SeaLinkSeaLink
/
Cookbook

6 min read

Cost-effective research agent: Kimi for context, Qwen for synthesis

Read 50 PDFs with Kimi K2 ($0.6/1M in), distill key points, then have Qwen3 Max write the executive summary.

Why two models

Long-context models are cheap per token but generate worse executive prose. Premium models cost 5-25x more per output token but write much better. Split the workload.
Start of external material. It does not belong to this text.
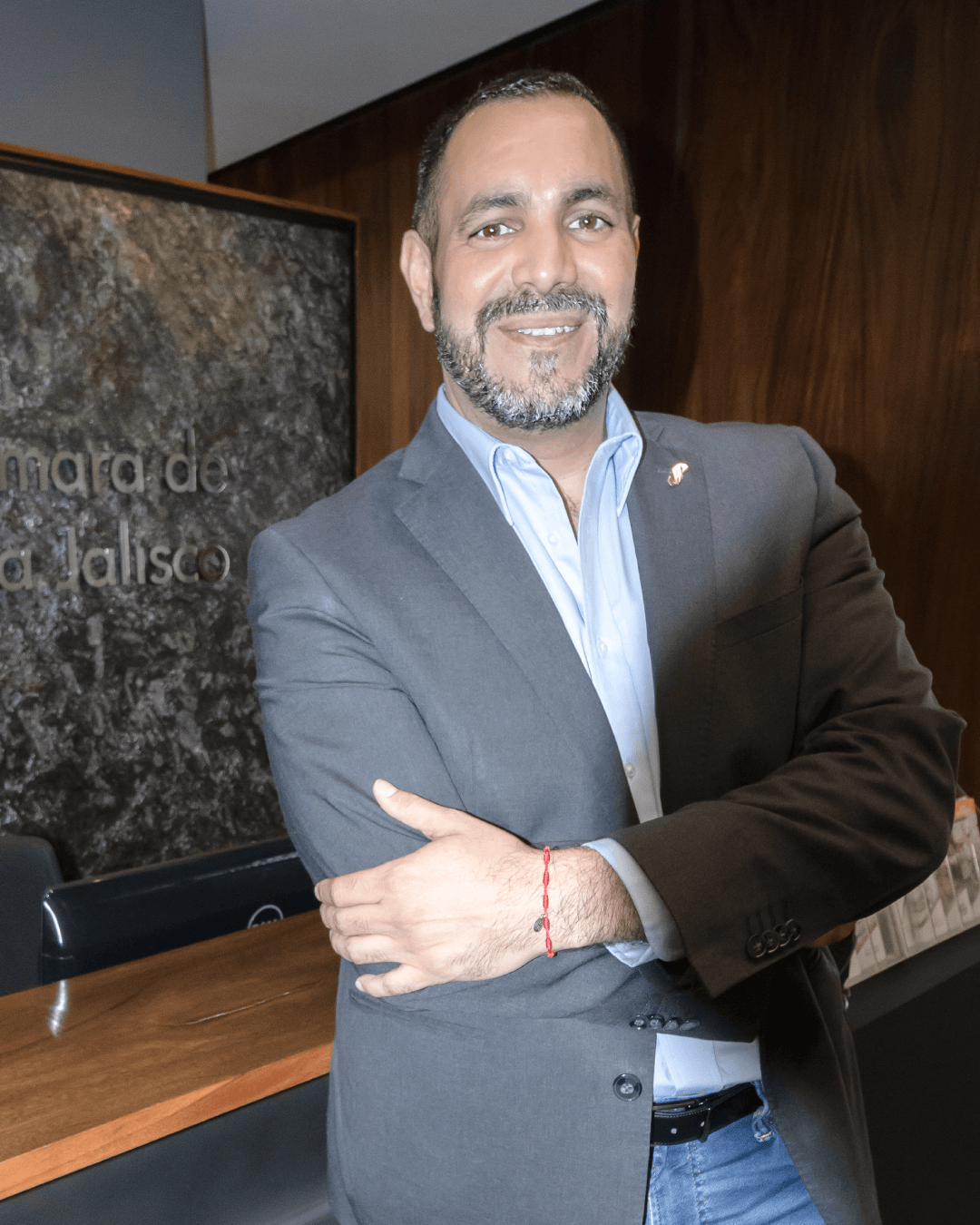 lengua-magazine-camara-de-joyeria-jalisco-entrevista-presidente-25-alvaro-azpeitia-un-lider-de-joyeria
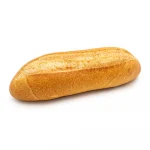 MB Sandwich Bread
Step 1 — Kimi reads everything

Concatenate up to ~800K tokens of PDF text into Kimi's 1M-token context. Ask for structured key points (JSON).

extract.py
corpus = "\n\n--- PDF BOUNDARY ---\n\n".join(pdf_texts)
extract = client.chat.completions.create(
model="kimi-k2",
response_format={"type": "json_object"},
messages=[
{
"role": "system",
"content": (
"Read all the PDFs separated by '--- PDF BOUNDARY ---'. "
"Return JSON: {\"docs\": [{\"title\": ..., \"key_points\": [...]}]}"
),
},
{"role": "user", "content": corpus},
],
max_tokens=4000,
)

Step 2 — Qwen synthesizes

Pass Kimi's JSON to Qwen3 Max. Ask for an executive summary in your house style.

synthesize.py
summary = client.chat.completions.create(
model="qwen3-max",
messages=[
{
"role": "system",
"content": (
"Write a one-page executive summary. Tone: direct, no jargon, "
"no marketing language. Lead with the single most important "
"finding. Cite sources by title."
),
},
{"role": "user", "content": extract.choices[0].message.content},
],
max_tokens=1200,
)
print(summary.choices[0].message.content)

Cost

50 PDFs × 16K tokens = 800K input. Kimi K2 input: $0.48. Kimi output (4K): $0.01. Qwen3 Max input (4K): about $0.01. Qwen3 Max output (1.2K): about $0.02. Total ≈ $0.52 / report. Run 100/month for about $52.